Die eher handfesten Personen auf der Bühne, um Michaela herum, kennen die Situation: Es sind Pfleger und Ärzte, und sie sprechen Krankenhausprosa. Die Familienangehörigen kennen die Situation nicht: Es sind der Mann, der Geliebte, die Schwester (die Mutter spukt von fern hinein) und das stumme Kind, das Michaela gerettet hat. Man wäscht die Patientin, stimuliert sie, erzählt aus ihrem Leben. Albträume kommen hoch, Lebenspassagen werden erinnert, Illusionen beleuchtet. Das Reale und das Ungreifbare überlagern sich, und das Werk spricht aus, was Worte nicht sagen können. Am Ende verteilen sich die Stimmen des großartigen (oft geradezu melodienseligen) Ensembles im Raum des Schwetzinger Theaters und rufen, tonlos, nur noch den Namen: „Michaela“, wo immer Michaela jetzt ist. Gefallen, gestiegen? Man weiß es nicht. Es ist Glaubenssache. Nur, dass sie nichts mehr hörte, kann man sich kaum vorstellen.

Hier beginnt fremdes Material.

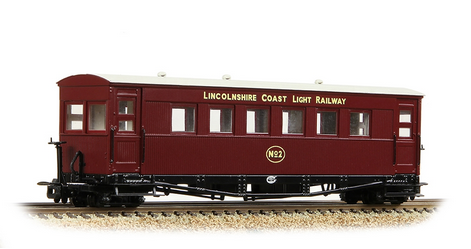 Bachmann Narrow Gauge 394-028 Gloucester Bogie Coach Lincolnshire Coast L.R. Maroon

Georg Friedrich Haas, und das ist neben der subtilen Regie der Szenen durch Karsten Wiegand das eigentliche Ereignis, dringt mit seiner Musik und dem kleinen Ensemble des Radio-Sinfonieorchesters des SWR unter Jonathan Stockhammer in Bereiche vor, in denen vor ihm noch keiner war, wenn seine Schichtungen (mit Akkordeon-Einsprengseln und starken Posaunen im Bass) alle paar Minuten buchstäblich aus dem Nichts kommen. Bis auf einen minimalen Schein durch Türritzen wird das Theater nämlich periodisch von Helfern (die selbst die Notausganglichter abschirmen) komplett verdunkelt. Die Musiker spielen meist flächige, (de-)crescendierende Übergänge minutenlang auswendig. Das Ergebnis ist, in dürren Worten gesagt, bewusstseinserweiternd: Die Töne verselbstständigen sich zu Trägern in einem Bewusstseinsstrom.

Man ist sich, verkürzt gesagt, oft nicht mehr sicher, ob man noch Außenstehender ist oder bereits Bestandteil des Stücks geworden sein könnte. Haas schreibt also ein großes Kapitel fort in jenem Buch, das Luigi Nono einst „Tragödie des Hörens“ betitelt hat. Und, ja: Ergriffenheit ringsum und schließlich ein Kniefall des Komponisten vor den allesamt wagemutigen, aufs Höchste geforderten und 120 Minuten auf des neuen Musikmessers Schneide balancierenden Musikern des RSO. Kniefall auch unsererseits.